IRS Announces One-Year Delay in $600 1099-K Requirement - Russ Fox, Taxable Talk. "While the IRS phrased the announcement as resulting from '…feedback from taxpayers, tax professionals and payment processors…,' I strongly believe that the IRS isn’t ready for the tsunami of 1099-K’s that are coming."

IRS Delays Tax Deadlines Set by Congress. It Could Cost $8 Billion. - Richard Rubin, Wall Street Journal. "The most recent IRS decision pushed back new requirements for payment and e-commerce platforms such as Venmo and Ticketmaster... The congressional Joint Committee on Taxation projected that the first two full years would generate about $2 billion when the law was passed by Democrats in 2021. Congress had counted the revenue to help pay for pension-law changes."


‘Paramilitary’ Tax Agents Deployed in Kenya’s Revenue Drive - David Herbling, Bloomberg ($).

President William Ruto’s ambitious plans to boost revenue had come to the Kenyan capital’s main shopping stretch on a late October afternoon. As the agents moved in pairs down bustling 1st Avenue, they registered dozens of shops onto the East African nation’s tax rolls — clothing stores, luggage shops, outlets selling spices and grains — after checking their books and determining average sales figures.


Deploying 1,400 tax collectors — touted by the government as 'paramilitary trained' in order to discourage resistance — is the most aggressive in a long line of controversial steps by Ruto to nearly double the government’s revenue collection to a quarter of gross domestic product by 2030. It follows a raft of new levies on carbon, cars, fuel, income and housing — and aggressive duty collection at the country’s main airport — that the new administration has unleashed as it seeks to fix an economy on the brink of debt distress.

Fortunately, this is not quite the approach the IRS takes.


Sigourney Man Sentenced to Mail Fraud and Defrauding the IRS - US Department of Justice (Defendant name omitted, emphasis added):

A Sigourney man was sentenced today to 33 months in prison for committing fraud by selling grain as organic, which in fact was grown in violation of the United States Department of Agriculture (USDA) National Organic Program (NOP). NOP is a federal regulatory program governing organic agricultural products.

In April 2023, Defendant, 48, pleaded guilty to mail fraud and conspiracy to defraud the United States.

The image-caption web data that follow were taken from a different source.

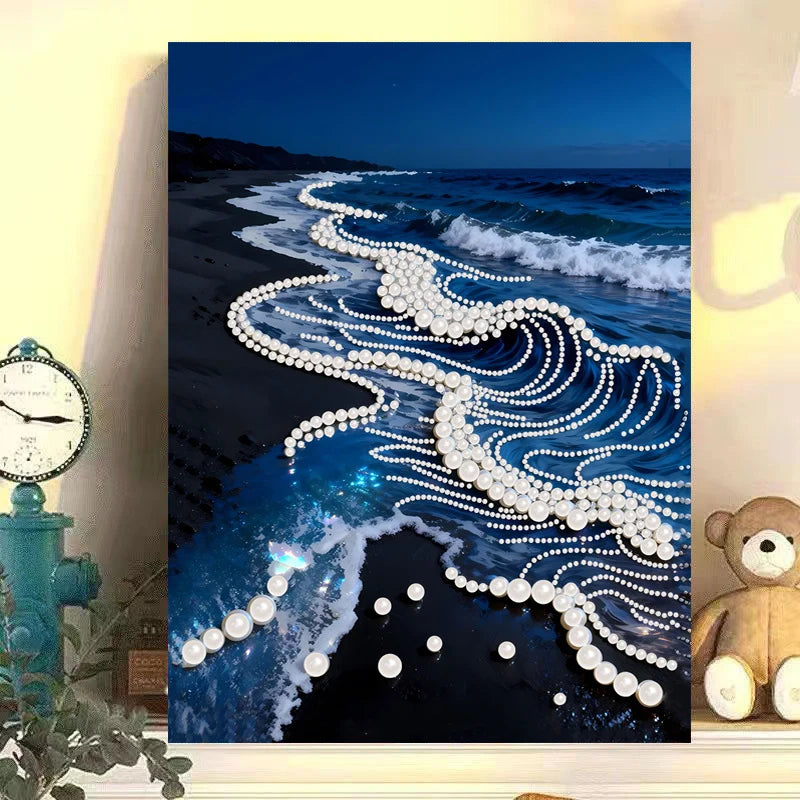 Purpose-Built Create Stunning Pearl Art Easily – Relaxing DIY Gem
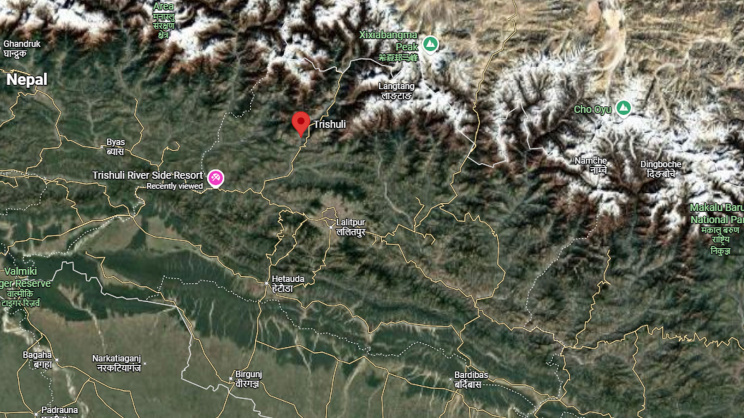 nepal trishuli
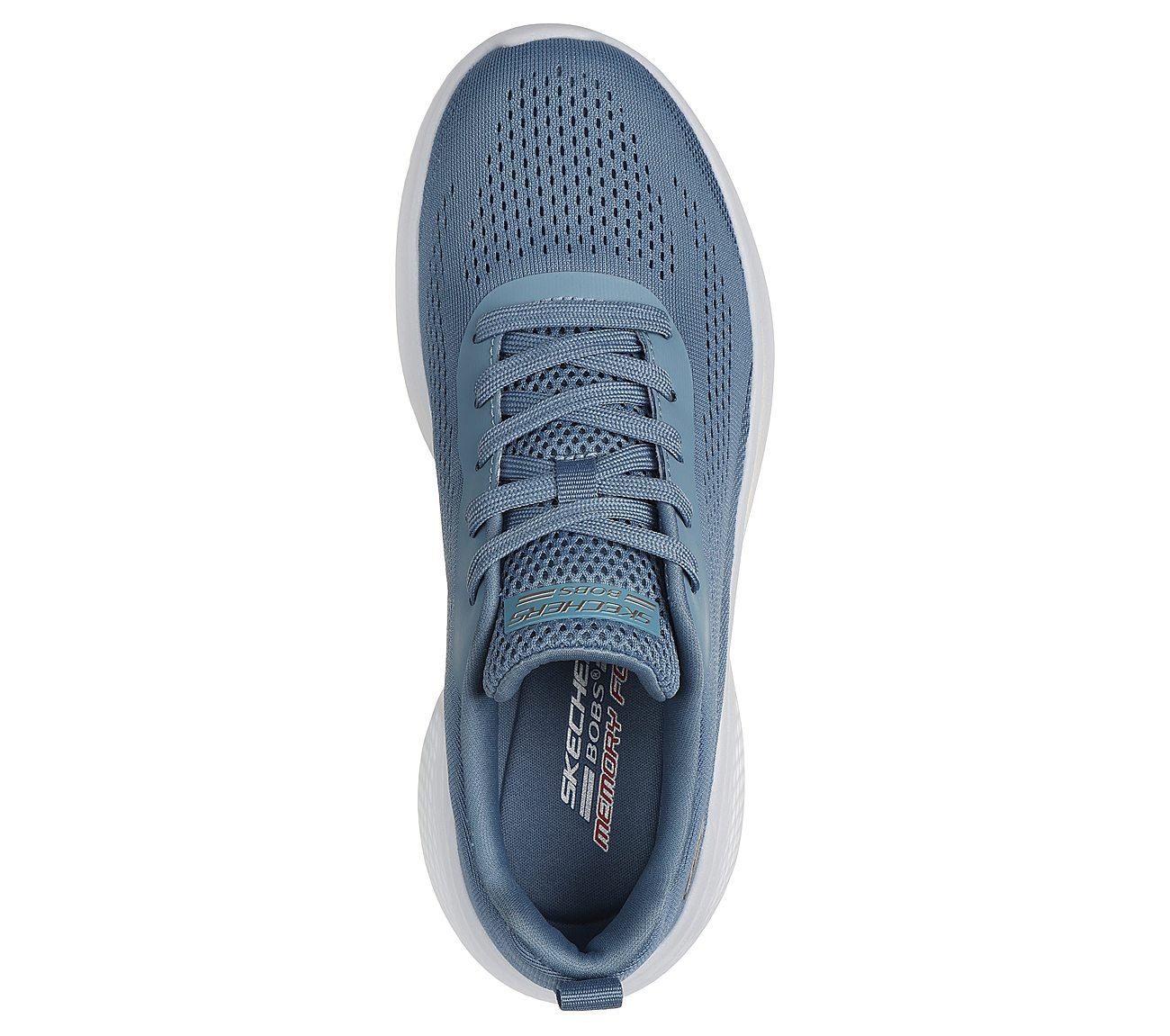 BOBS INFINITY, SLATE Footwear Top View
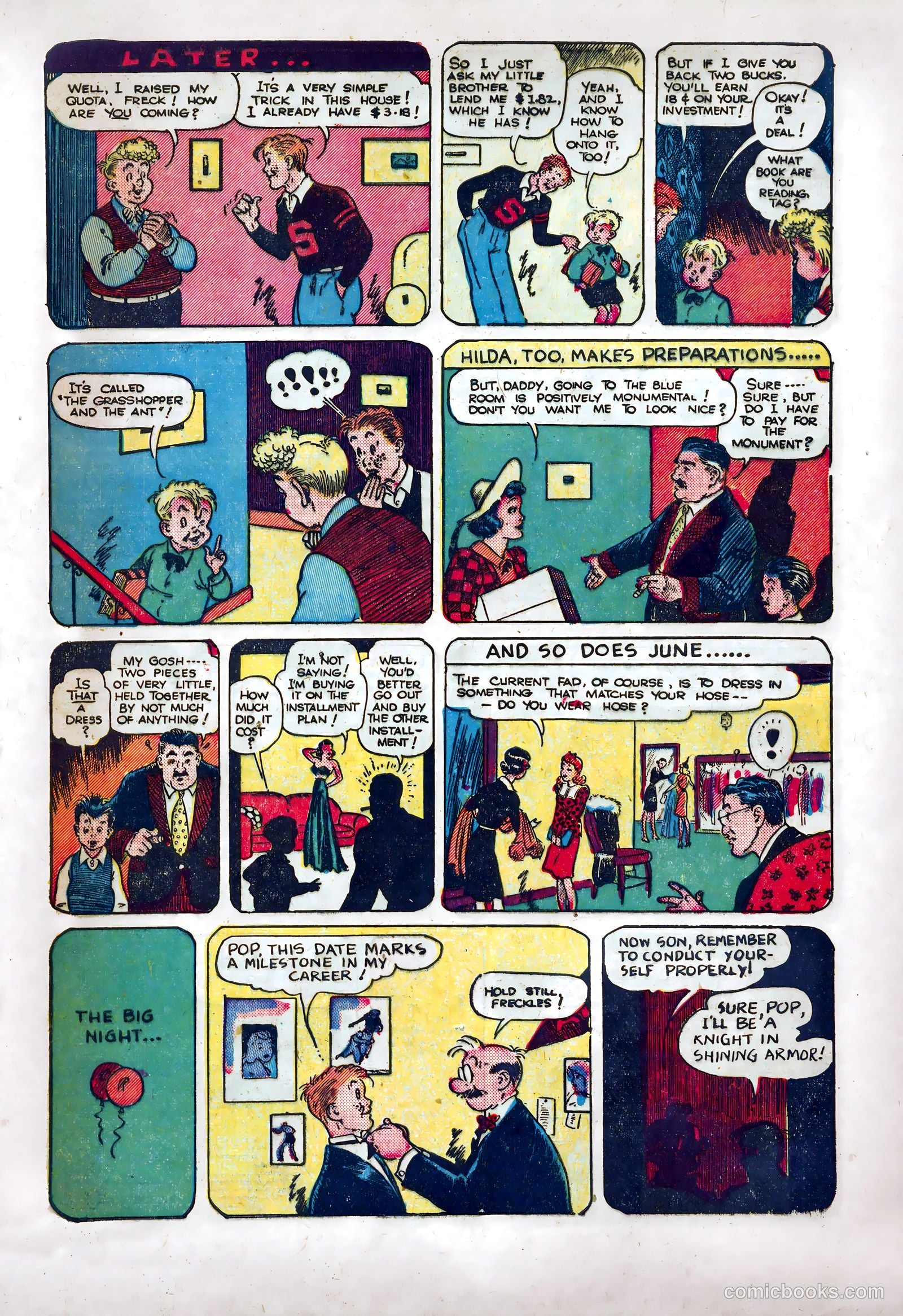 Freckles #10 — page 5 of 36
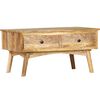 vidaXL Coffee Table 82x52x42 cm Solid Mango Wood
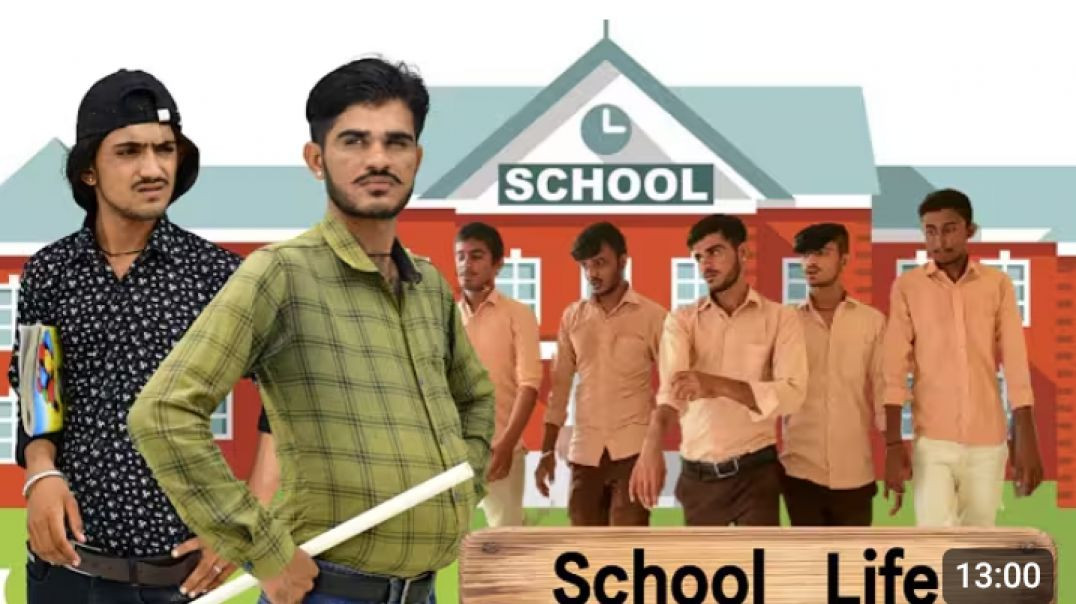 ⁣School_Life___Part-1____Rocky_Marwadi(360p)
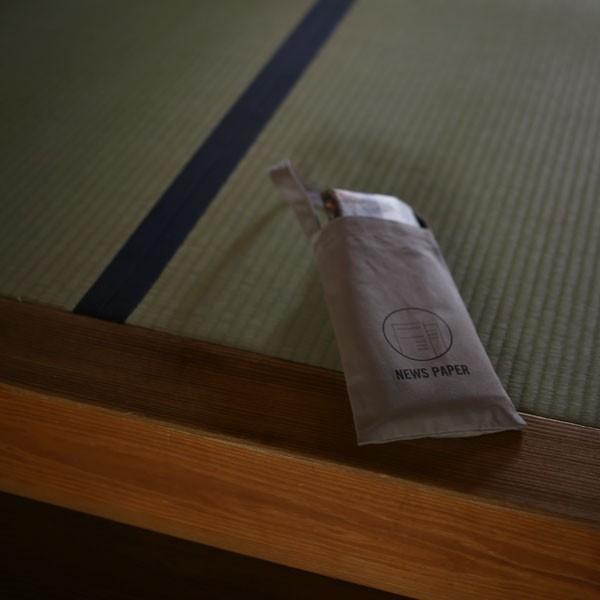 ホテル仕様の新聞バッグ |  | 04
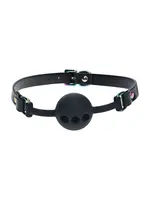 Ouch! Silicone ball gag Venice Black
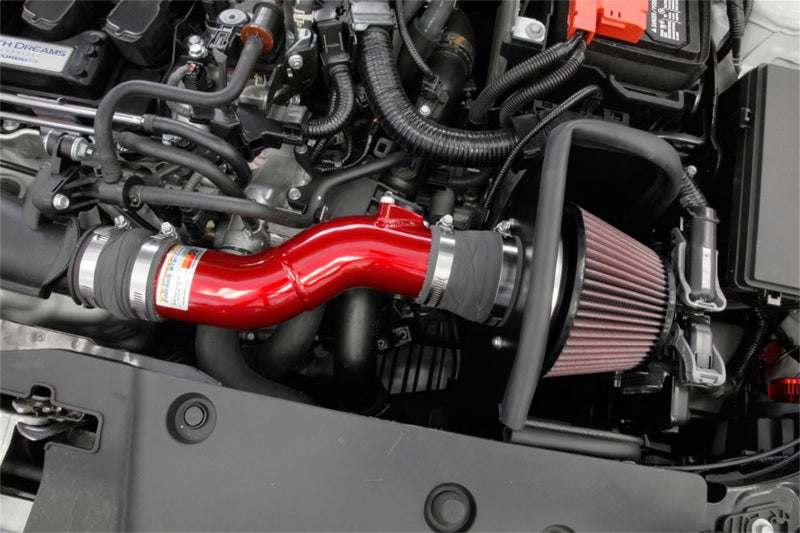 Système d'admission d'air hautes performances K&N pour Honda Civic Si 1,5 L Typhoon 2017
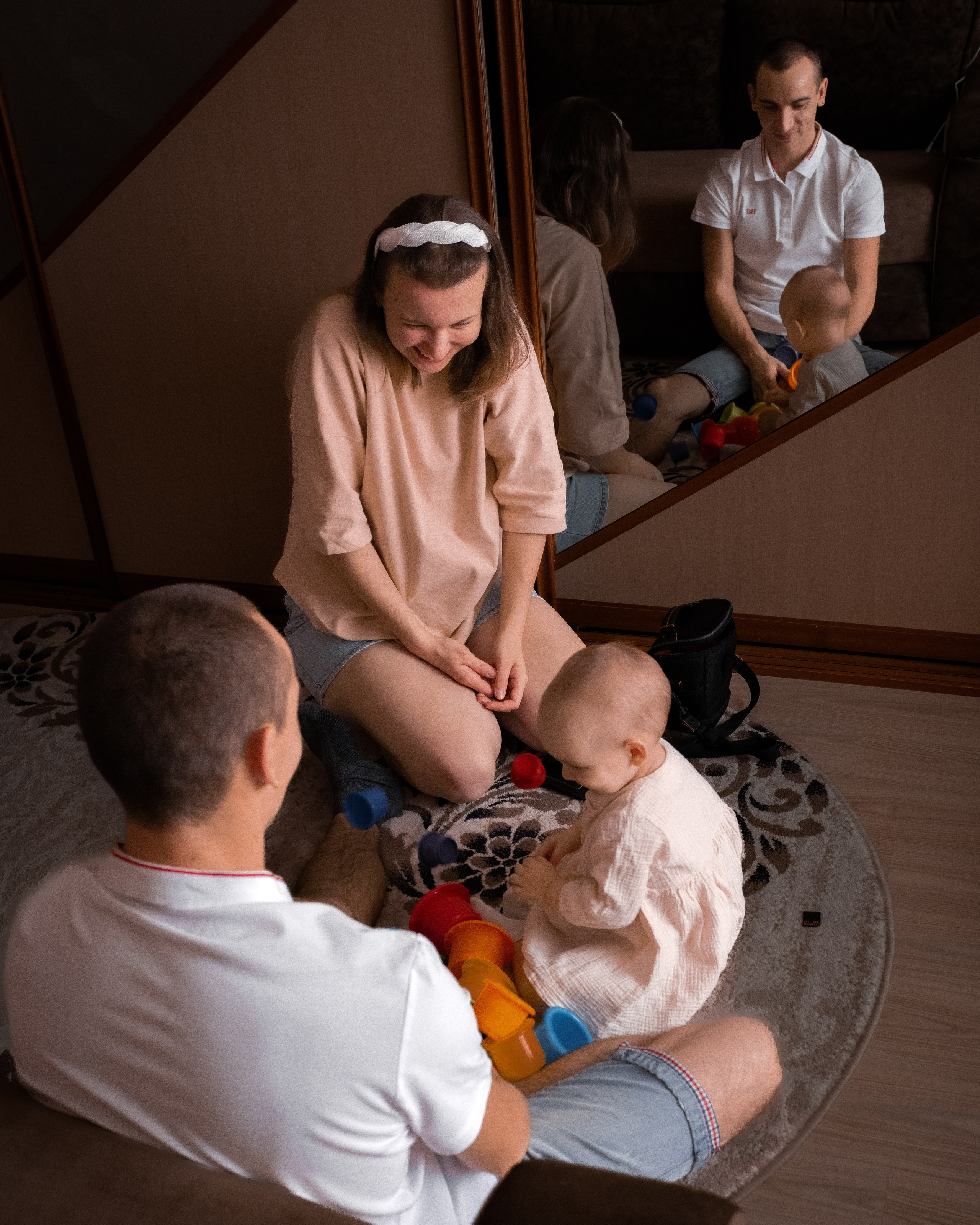 Алина, Юрий и Аврора. Фотограф г. Хабаровск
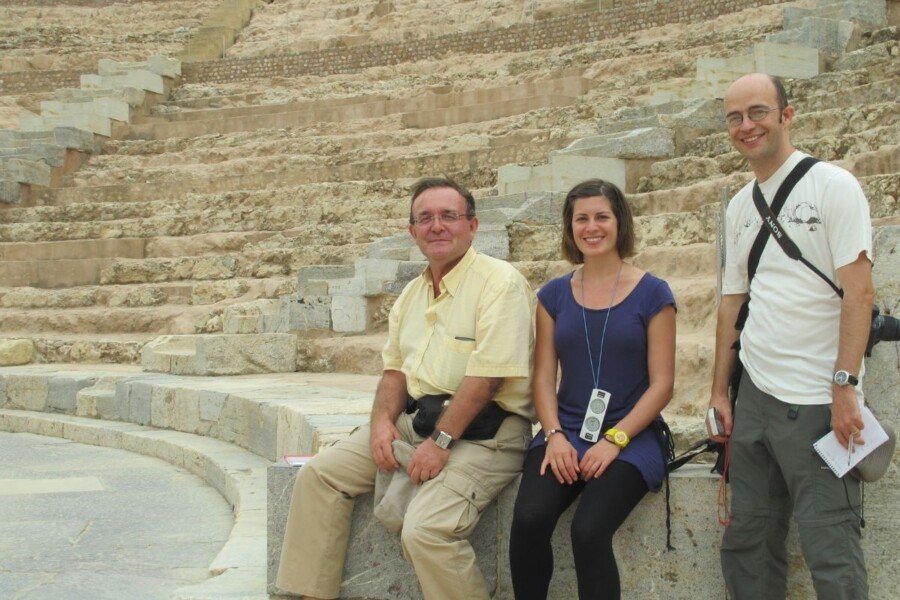 El Museo del Teatro Romano acoge una conferencia sobre la relación de Carthago Nova con Petra El Museo del Teatro Romano acoge una conferencia sobre la relación de Carthago Nova con Petra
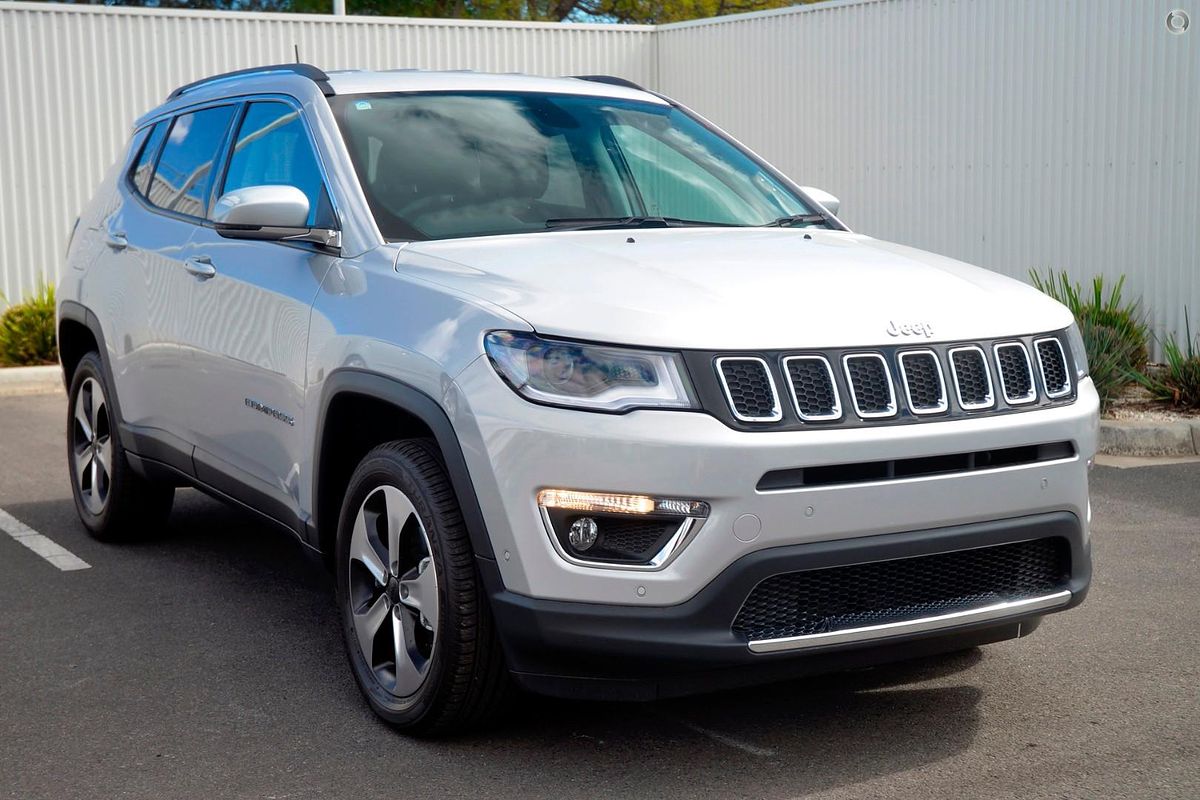 2018 Jeep Compass Limited M6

According to public court documents, key among Defendant’s NOP violations were the use of treated seed, which is prohibited by NOP. Defendant concealed his NOP violations from the Iowa Department of Agriculture and Land Stewardship (IDALS), the organic certifier. The grain was then sold by Defendant to a number of unwitting purchasers at a total sale price of over $6.5 million.

Defendant also conspired to impede and obstruct the Internal Revenue Service (IRS) in the assessment and collection of income taxes. Between April 2017 and April 2019, Defendant obtained false invoices, backdated checks, and exchanged checks to give the appearance of an expense that was not in fact incurred. In total, Defendant concealed over $1.3 million in income. Restitution was ordered to the IRS in the amount of $408,107 and $25,233.44 to a purchaser of the purported organic crops.

What sort of non-organic tax violations were involved? Well, he had help, and his helper got in trouble. From his helper's plea agreement (again, name omitted): 

Defendant...doing business as Crop Depot, issued an invoice and sent it to M.H. and T.H. dated September 16, 2016, purporting to show a purchase of seed in the amount of $339,691.50. Defendant admits this invoice was entirely false and fictitious and did not represent the exchange of any money, goods, or services. Defendant admits that he maintained a copy of this invoice to which he affixed a post-it note upon which he had written, "Fake Bill for Tax Savings 2016 year."

Accurate recordkeeping is important.


Time for second breakfast. It's National French Toast Day!